JAKARTA – World Bank atau Bank Dunia menilai bantuan sosial (bansos) sebagai salah satu stimulus pemerintah berpotensi meredam dampak kemiskinan akibat Covid-19.

Berdasarkan simulasi Bank Dunia, tanpa respons bansos, maka 8,5 juta penduduk Indonesia dapat terjerumus kemiskinan tahun ini akibat krisis Covid-19.

“Simulasi juga menunjukkan bahwa paket bansos pemerintah dapat meredam dampak ini secara signifikan jika dilaksanakan sepenuhnya dan ditargetkan sempurna,” tulis Bank Dunia, Kamis (17/12/2020).

Namun sebagai catatan, Bank Dunia menyebut efektivitas yang lebih baik penting untuk menekan dampak yang signifikan dari respons bansos ini.

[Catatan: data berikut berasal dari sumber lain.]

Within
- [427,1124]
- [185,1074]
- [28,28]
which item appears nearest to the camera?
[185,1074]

Pada awal tahun misalnya, terjadi berbagai penundaan dan kesulitan dalam menjangkau kelompok-kelompok terdampak, khususnya di sektor informal, sehingga hal ini kemungkinan telah mengurangi dampak paket bansos tersebut.

Berbagai temuan juga menyoroti bahwa banyak orang yang awalnya tidak tercakup sistem bansos kemungkinan telah jatuh ke dalam kemiskinan, khususnya mereka yang kehilangan pekerjaan atau yang bekerja di sektor-sektor jasa dengan kontak intensif yang terdampak berat.

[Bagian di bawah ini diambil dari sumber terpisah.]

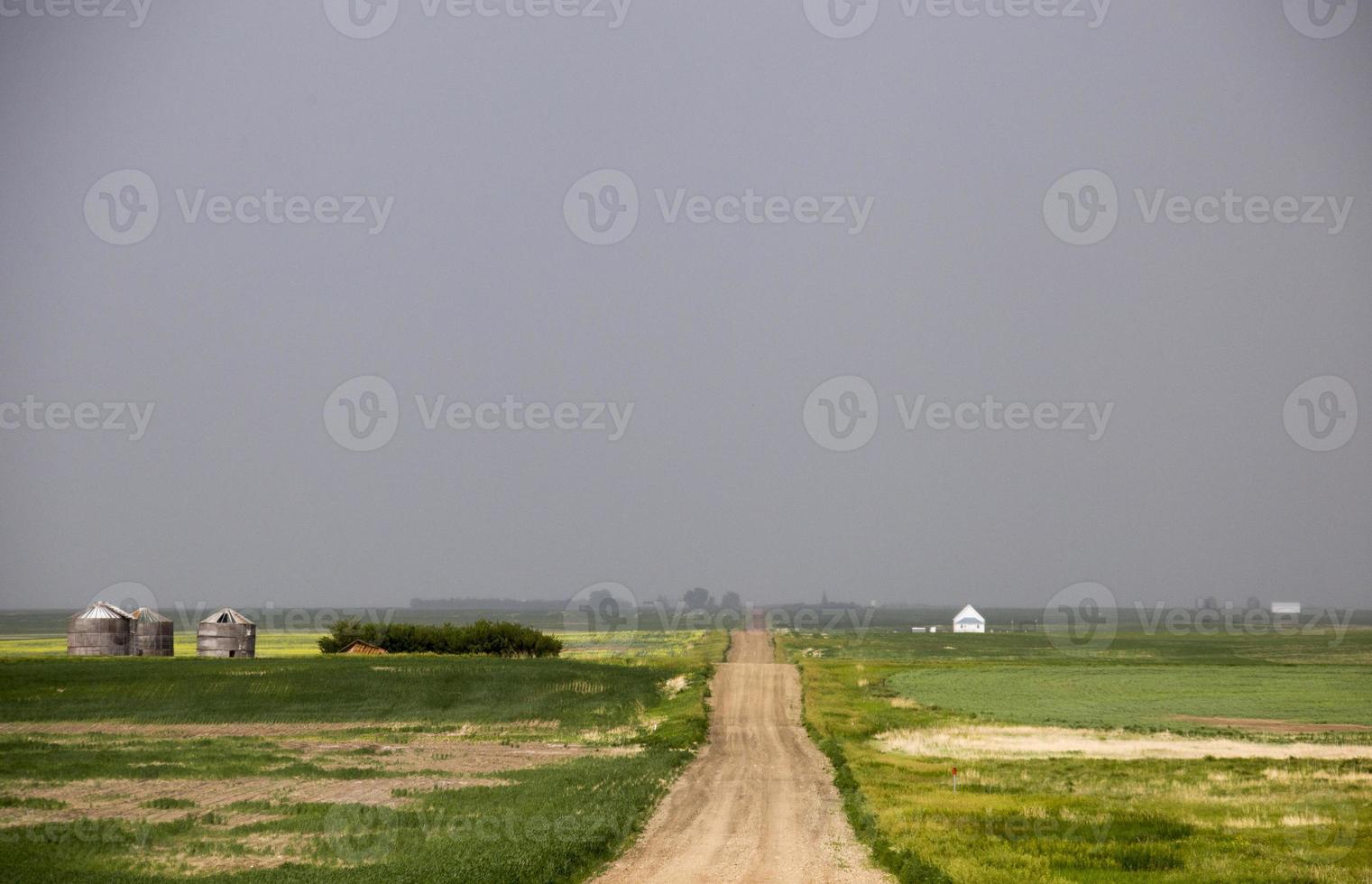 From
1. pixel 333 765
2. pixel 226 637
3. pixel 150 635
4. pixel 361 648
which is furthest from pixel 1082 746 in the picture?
pixel 150 635

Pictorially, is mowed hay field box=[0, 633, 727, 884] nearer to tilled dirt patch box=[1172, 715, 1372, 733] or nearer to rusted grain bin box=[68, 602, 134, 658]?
rusted grain bin box=[68, 602, 134, 658]

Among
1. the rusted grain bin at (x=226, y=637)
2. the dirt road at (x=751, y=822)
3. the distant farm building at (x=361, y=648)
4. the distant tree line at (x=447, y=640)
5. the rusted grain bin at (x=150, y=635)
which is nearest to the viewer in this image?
the dirt road at (x=751, y=822)

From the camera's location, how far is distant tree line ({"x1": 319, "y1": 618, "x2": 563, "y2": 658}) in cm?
10825

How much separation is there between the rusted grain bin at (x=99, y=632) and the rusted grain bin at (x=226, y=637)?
7.47 meters

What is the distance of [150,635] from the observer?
105688mm

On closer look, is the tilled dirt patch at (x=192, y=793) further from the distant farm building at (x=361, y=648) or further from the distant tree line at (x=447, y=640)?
the distant tree line at (x=447, y=640)

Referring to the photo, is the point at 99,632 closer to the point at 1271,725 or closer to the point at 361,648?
the point at 361,648

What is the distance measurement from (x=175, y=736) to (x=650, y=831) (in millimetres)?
38595

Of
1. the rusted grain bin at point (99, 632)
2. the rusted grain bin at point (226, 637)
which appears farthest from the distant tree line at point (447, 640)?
the rusted grain bin at point (99, 632)

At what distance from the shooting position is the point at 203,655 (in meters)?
99.4

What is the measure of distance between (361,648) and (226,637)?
12397 millimetres

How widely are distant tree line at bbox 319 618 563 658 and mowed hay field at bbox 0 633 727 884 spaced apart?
1326 centimetres

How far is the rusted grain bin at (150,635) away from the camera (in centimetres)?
10506

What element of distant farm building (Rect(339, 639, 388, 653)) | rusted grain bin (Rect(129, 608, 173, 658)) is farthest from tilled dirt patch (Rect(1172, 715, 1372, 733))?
rusted grain bin (Rect(129, 608, 173, 658)) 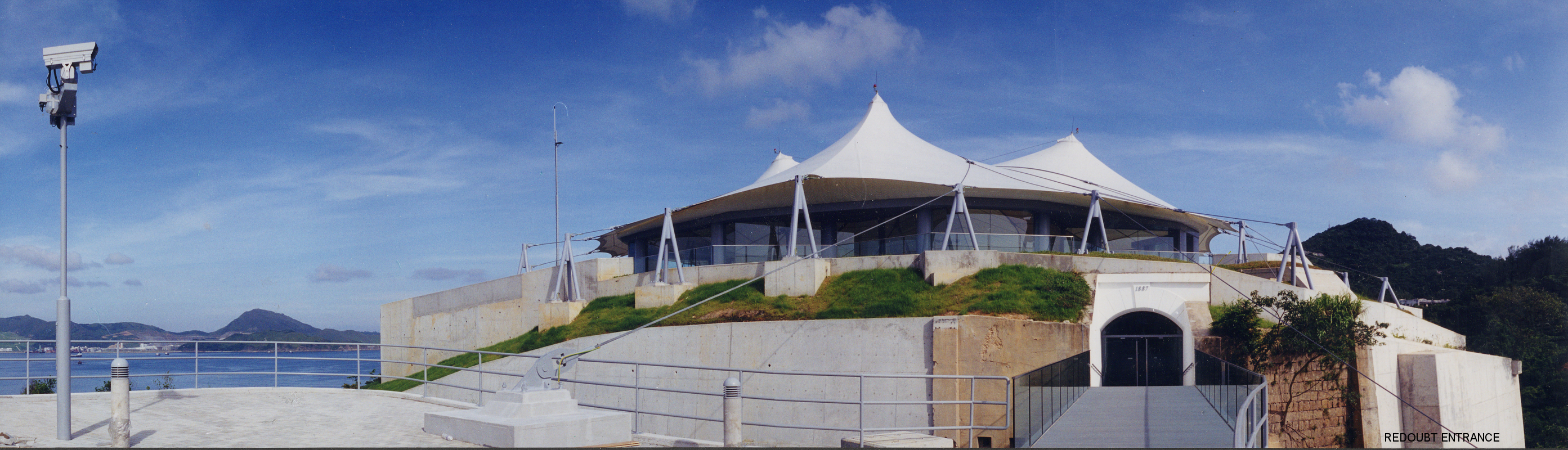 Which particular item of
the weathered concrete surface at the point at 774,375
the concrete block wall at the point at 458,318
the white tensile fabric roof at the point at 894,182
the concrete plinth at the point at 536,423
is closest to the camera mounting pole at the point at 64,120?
the concrete plinth at the point at 536,423

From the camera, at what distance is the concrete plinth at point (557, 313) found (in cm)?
2789

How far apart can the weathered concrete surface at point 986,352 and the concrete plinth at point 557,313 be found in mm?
12089

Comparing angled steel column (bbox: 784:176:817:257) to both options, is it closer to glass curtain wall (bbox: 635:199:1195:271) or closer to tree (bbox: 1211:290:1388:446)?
glass curtain wall (bbox: 635:199:1195:271)

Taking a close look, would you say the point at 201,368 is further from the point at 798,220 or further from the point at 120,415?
the point at 120,415

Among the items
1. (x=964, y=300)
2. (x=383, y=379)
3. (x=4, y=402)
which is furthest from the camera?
(x=383, y=379)

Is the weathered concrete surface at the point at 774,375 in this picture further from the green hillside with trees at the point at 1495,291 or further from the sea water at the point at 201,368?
the green hillside with trees at the point at 1495,291

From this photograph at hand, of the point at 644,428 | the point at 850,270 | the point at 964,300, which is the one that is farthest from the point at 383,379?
the point at 964,300

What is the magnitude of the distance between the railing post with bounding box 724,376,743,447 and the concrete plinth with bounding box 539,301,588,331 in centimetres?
1850

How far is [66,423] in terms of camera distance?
34.2ft

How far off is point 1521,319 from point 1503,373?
21.8 metres

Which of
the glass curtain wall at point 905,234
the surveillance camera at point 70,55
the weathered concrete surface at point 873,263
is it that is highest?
the surveillance camera at point 70,55

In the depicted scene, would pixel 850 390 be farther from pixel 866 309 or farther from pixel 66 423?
pixel 66 423

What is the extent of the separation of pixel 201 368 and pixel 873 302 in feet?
385

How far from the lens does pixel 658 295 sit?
2584cm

Adapun, Badan Pusat Statitik (BPS) mencatat angka pengangguran meningkat sebesar 1,8 poin menjadi 7,1 persen dan angka setengah penganggur meningkat sebesar 3,8 persen poin menjadi 10,2 persen pada kuartal ketiga, dibanding tahun sebelumnya.

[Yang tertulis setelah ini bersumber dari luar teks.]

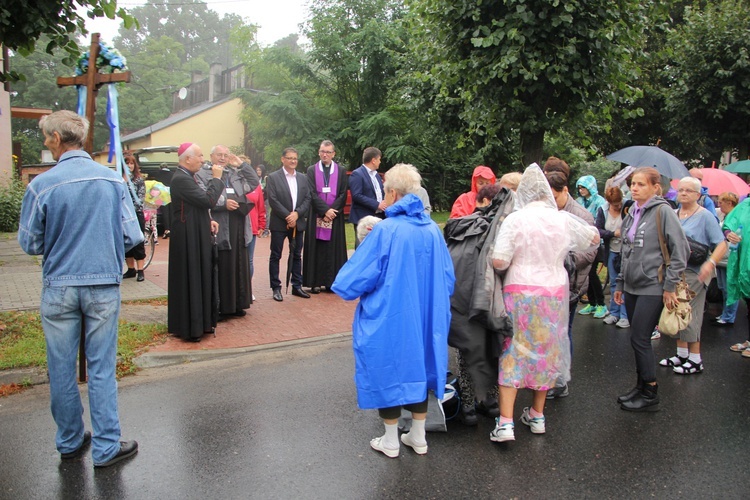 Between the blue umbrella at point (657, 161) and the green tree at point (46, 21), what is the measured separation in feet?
19.9

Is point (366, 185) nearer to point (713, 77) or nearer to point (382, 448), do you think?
point (382, 448)

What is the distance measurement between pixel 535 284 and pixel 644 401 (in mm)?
1641

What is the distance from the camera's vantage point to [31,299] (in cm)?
774

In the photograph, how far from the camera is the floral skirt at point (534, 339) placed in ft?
13.1

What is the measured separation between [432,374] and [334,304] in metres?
4.34

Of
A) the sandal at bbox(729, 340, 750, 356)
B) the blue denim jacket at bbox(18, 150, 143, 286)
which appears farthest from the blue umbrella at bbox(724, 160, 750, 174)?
the blue denim jacket at bbox(18, 150, 143, 286)

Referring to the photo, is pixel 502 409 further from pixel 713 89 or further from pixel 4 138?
pixel 4 138

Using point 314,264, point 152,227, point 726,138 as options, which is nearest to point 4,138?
point 152,227

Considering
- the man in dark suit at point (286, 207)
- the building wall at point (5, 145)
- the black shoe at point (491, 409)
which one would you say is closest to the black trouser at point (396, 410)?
the black shoe at point (491, 409)

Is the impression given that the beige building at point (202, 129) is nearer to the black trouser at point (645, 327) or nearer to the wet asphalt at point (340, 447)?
the wet asphalt at point (340, 447)

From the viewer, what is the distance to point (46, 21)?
536 centimetres

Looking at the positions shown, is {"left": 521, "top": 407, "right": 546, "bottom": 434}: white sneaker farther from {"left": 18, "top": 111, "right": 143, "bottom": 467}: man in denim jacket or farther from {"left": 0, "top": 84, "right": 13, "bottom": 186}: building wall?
{"left": 0, "top": 84, "right": 13, "bottom": 186}: building wall

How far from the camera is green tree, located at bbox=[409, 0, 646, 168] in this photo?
838 centimetres

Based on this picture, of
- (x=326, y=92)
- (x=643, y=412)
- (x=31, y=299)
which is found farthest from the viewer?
(x=326, y=92)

BPS juga memperkirakan sekitar 5,1 juta orang kehilangan pekerjaan atau keluar dari pasar kerja dan 24 juta orang lainnya bekerja dengan jam kerja yang berkurang akibat Covid-19.

Menurut Bank Dunia, kehilangan pendapatan yang terjadi dapat memperberat tantangan keterjangkauan pangan dan keamanan pangan, khususnya di antara kelompok miskin yang mengalokasikan porsi yang cukup besar dari belanja mereka untuk pangan.

Oleh karena itu, cakupan, kecukupan, dan daya tanggap paket bansos perlu terus dipantau dan diperbaiki untuk melindungi warga yang miskin dan rentan miskin.

(DO) Sumber.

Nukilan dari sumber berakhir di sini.